Ich erinnere mich an Prof. Prof. Dr. Dr. Dr. Lederer an der FH Rosenheim, wo ich das Vergnügen hatte 3 Blöcke von jeweils vier Wochen in Architekturstilkunde und anderen theaterrelevanten Themen unterrichtet zu werden. War dies dort gerade eine dorische Säule? Das die Römer aber den Rundbogen und das Kuppeldach entwickelt haben und damit viel größere und beeindruckendere Gebäude bewerkstelligen konnten als alle Anderen, das wusste ich noch. Aber wo zum Teufel ist das Orakel von Delphi?

Wir sind schon fast oben beim Stadion und ich möchte schon jemanden fragen, aber Jutta ist das immer peinlich und darum lasse ich es mal lieber. Eine Zeitmaschine wäre toll, denke ich bei mir. Dann würde ich mir direkt mal anschauen, wie es da wohl zu ging, 800 vor Christi. Wir erreichen das Stadion und der Ausblick ist ganz schön, nicht so berauschend wie ich erwartet hatte, aber auf jeden Fall Zeit für eine kurze Pause und ein Blick auf die Karte.

Eigentlich doch ganz beeindruckend, oder?

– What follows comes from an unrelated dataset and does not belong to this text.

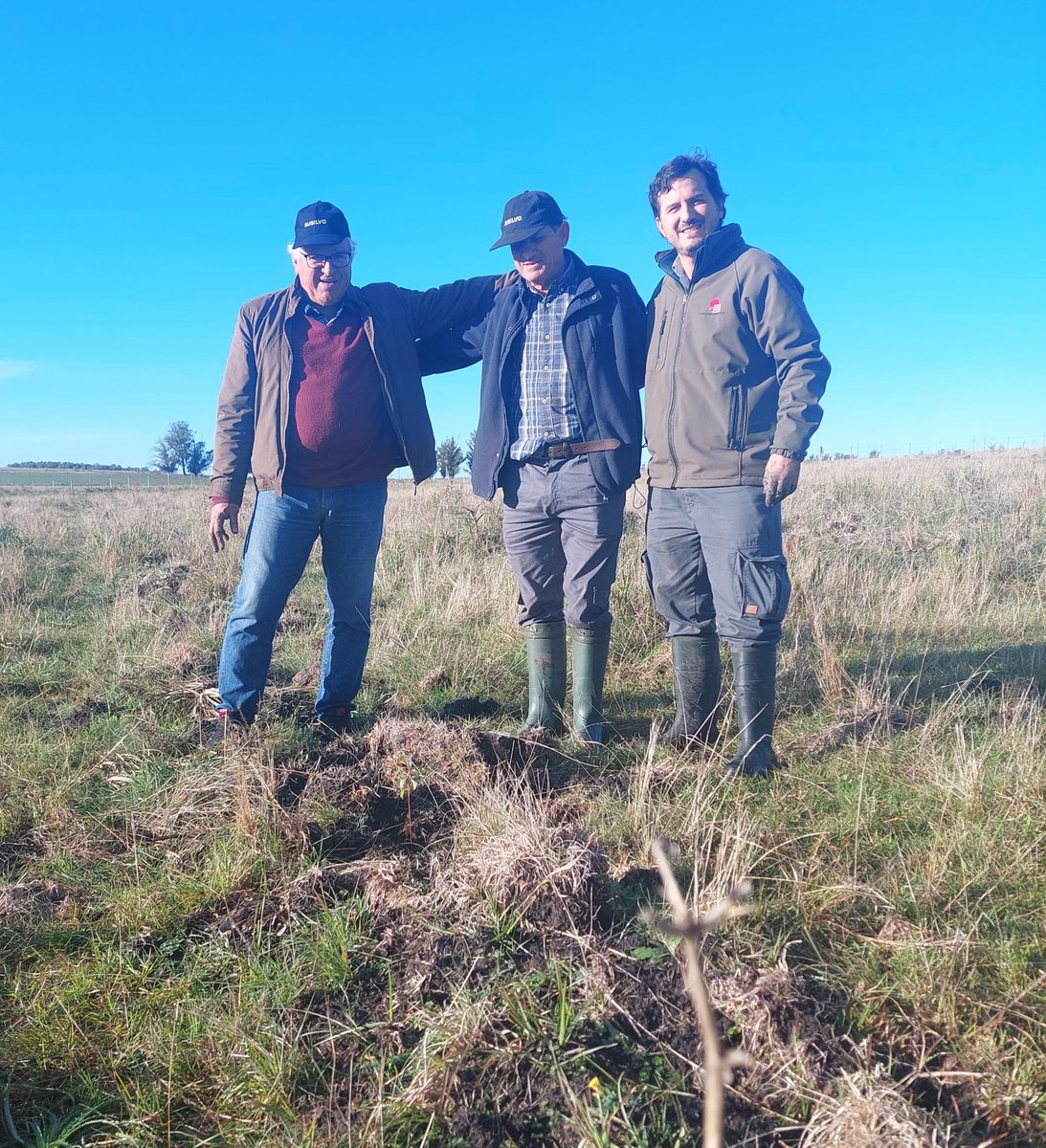 #Hoy estuvimos en 📌Estación Experimental de Facultad de Veterinaria, Migues, Canelones

✔️Se realizó plantación de 19 ejemplares de Guayubira (Cordia americana) y 19 ejemplares de Angico (Parapiptadenia rigida) con un diseño de 6 x 6 metros alternado
🖼️👉 acortar.link/vEUZp4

Wo ist das verdammte Orakel? Ich gehe nicht hier weg ohne das Orakel gesehen zu haben. Karten sind Juttas Ding, also sucht sie danach. Finden wird sie es nicht. Das steht hier nicht mit drauf. Aber die Frau an der Kasse hat doch gesagt, weiter unten an der Straße kann man auch noch was sehen. Dafür braucht man gar kein Ticket. Ach ja, stimmt. Dann nix wie los. Wir verlassen die kostenpflichtige Kultstätte und gehen die Straße entlang, die wir zuvor mit LEMMY zum Campingplatz entlang gefahren sind. Da habe ich aus dem Auto auf dem Hinweg schon was gesehen, fällt mir ein. War das evtl. das Orakel? Nur ein paar Fußminuten und wir sind an einem Wegweiser, der nach unten weist. Kein Mensch hier, kann das stimmen? Es ist später Nachmittag, die Touristen sind fast alle durch. Wir gehen abwärts. Erst eine Treppe, dann ein Weg, der sich serpentinenartig schlängelt. Und dann ist es da, das Orakel von Delphi. Es sieht beeindruckend aus in dieser Bergkulisse. Drei mächtige Säulen stehen noch in diesem magischem Kreis und mir wird klar, ich habe noch eine Aufgabe.

Gefunden!

Der Rückweg führt wieder die Straße entlang zum Ort. An einer Quelle füllen wir unsere Wasserflaschen auf und dann kehren wir ein in das Lokal mit der schönen Aussicht, was ich auf dem Hinweg schon ausgemacht hatte. Wir bestellen ein großes Bier, eine Homemade Limonata und Moussaka. Gestärkt und glücklich über diesen wunderbaren Tag machen wir uns an den Abstieg. Am Camp angekommen fällt uns ein, dass wir noch Besuch bekommen. Also schnell etwas aufräumen und dann auf die Terrasse setzen und den Ausblick genießen.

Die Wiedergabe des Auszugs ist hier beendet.